> _Stored data_
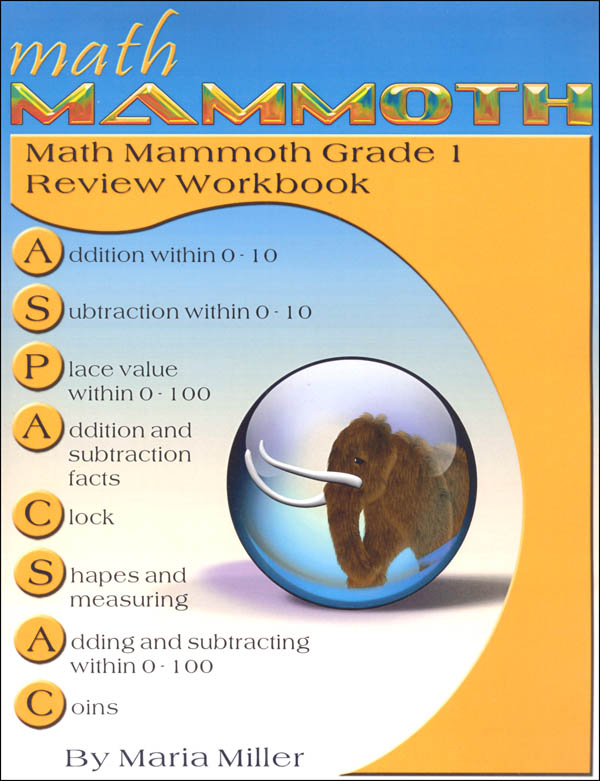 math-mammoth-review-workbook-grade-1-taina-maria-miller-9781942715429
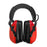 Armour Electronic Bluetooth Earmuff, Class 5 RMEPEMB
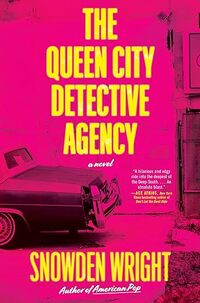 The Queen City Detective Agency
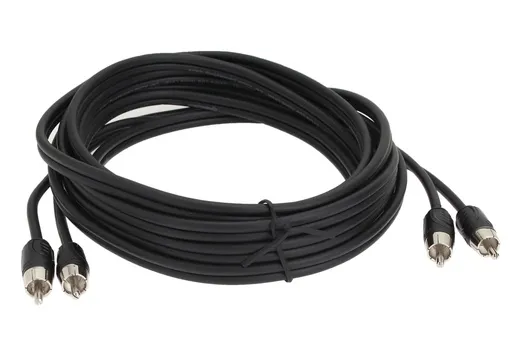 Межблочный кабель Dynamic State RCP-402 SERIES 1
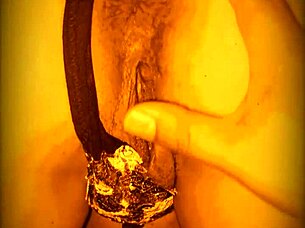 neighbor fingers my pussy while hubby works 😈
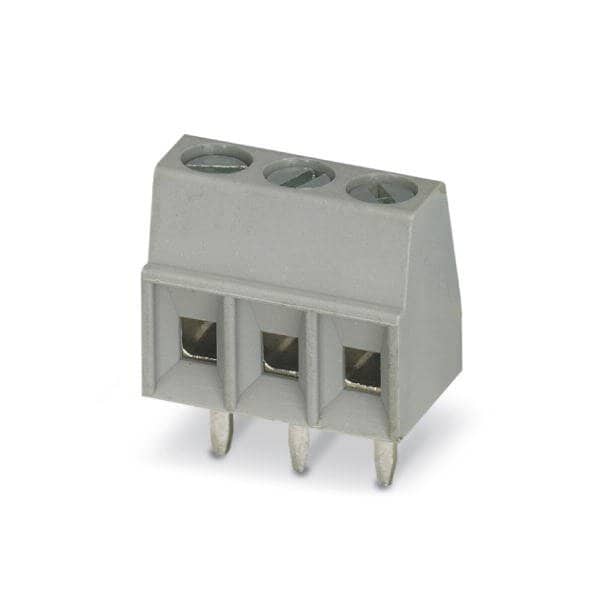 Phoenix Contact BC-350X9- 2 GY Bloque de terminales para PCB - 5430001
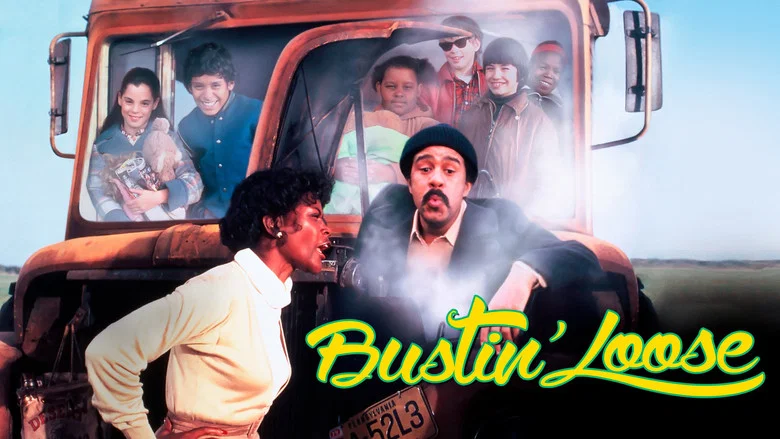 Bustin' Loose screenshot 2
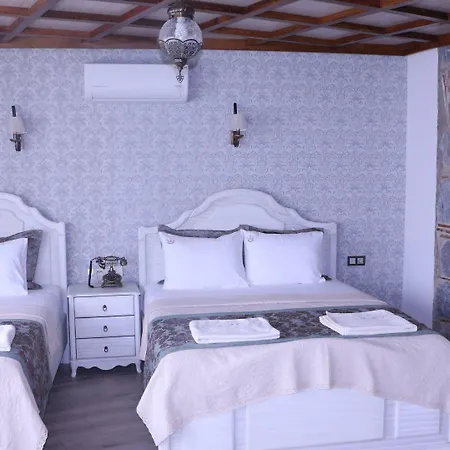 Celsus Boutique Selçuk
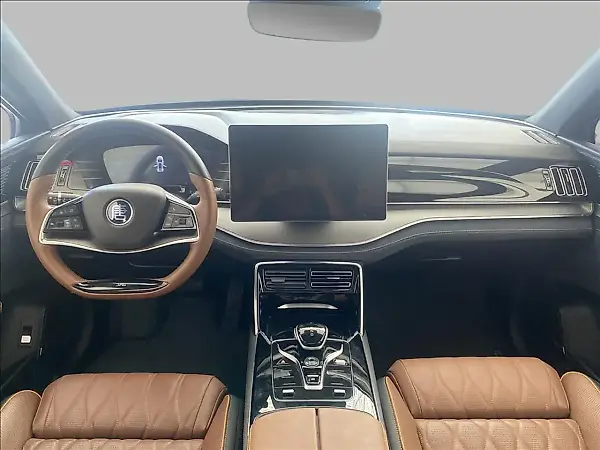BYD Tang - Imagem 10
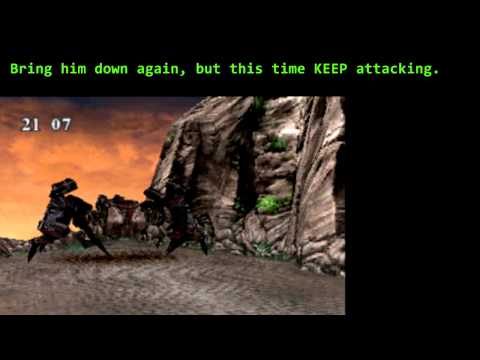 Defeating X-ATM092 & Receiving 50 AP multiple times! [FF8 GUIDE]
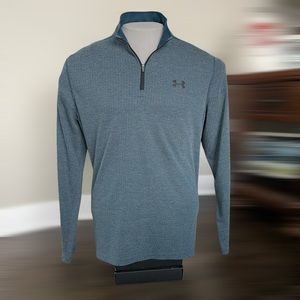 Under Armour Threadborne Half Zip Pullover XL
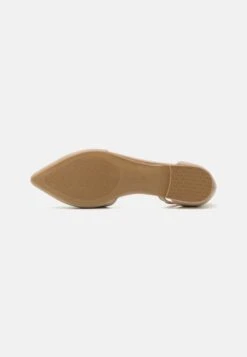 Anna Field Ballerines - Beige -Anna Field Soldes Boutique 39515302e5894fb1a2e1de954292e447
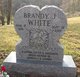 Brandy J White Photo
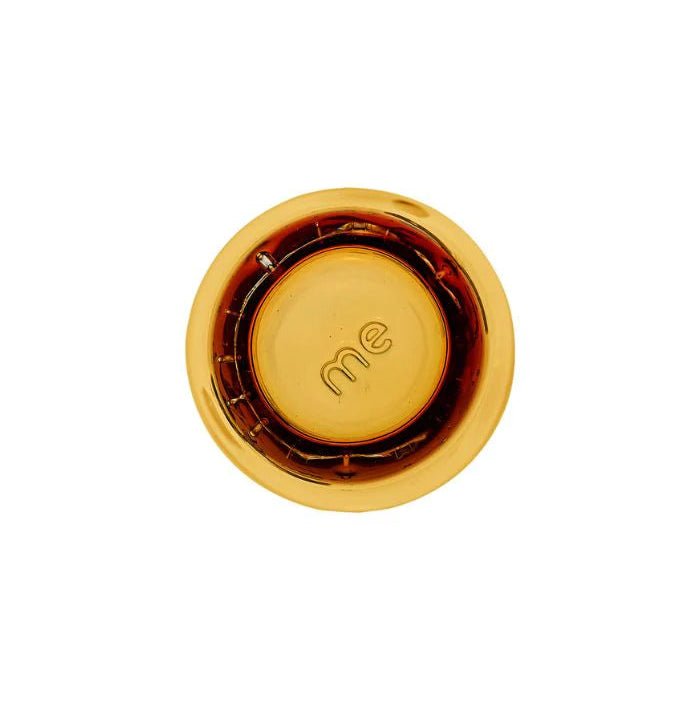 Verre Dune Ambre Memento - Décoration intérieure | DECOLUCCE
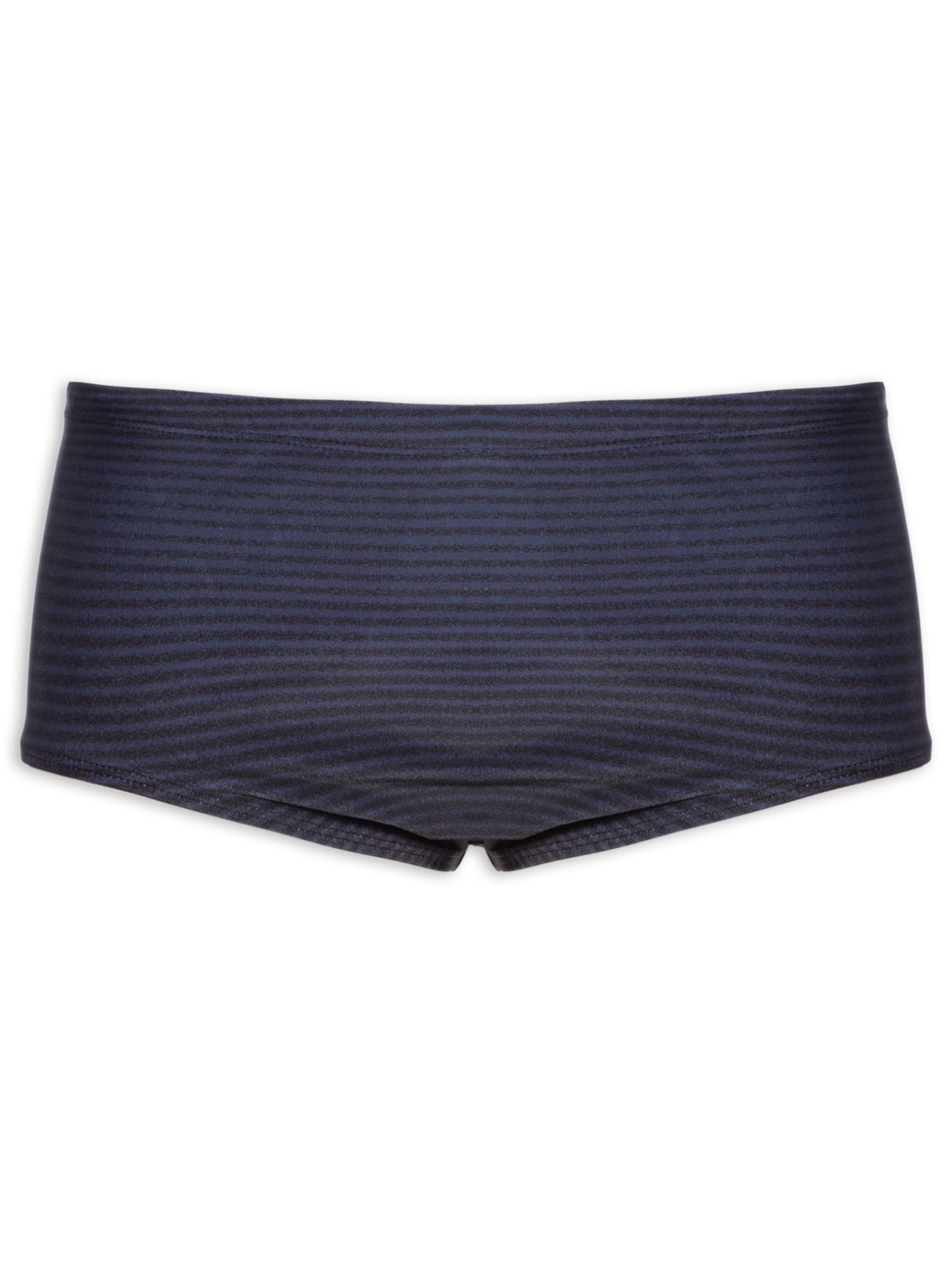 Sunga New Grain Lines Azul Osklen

> _Required work_
Please reproduce nothing but the lines from the one containing "Verre Dune Ambre" through the closing line of the listing, retyped word for word, pictures excluded.

> _Expected output_
 Verre Dune Ambre Memento - Décoration intérieure | DECOLUCCE
 Sunga New Grain Lines Azul Osklen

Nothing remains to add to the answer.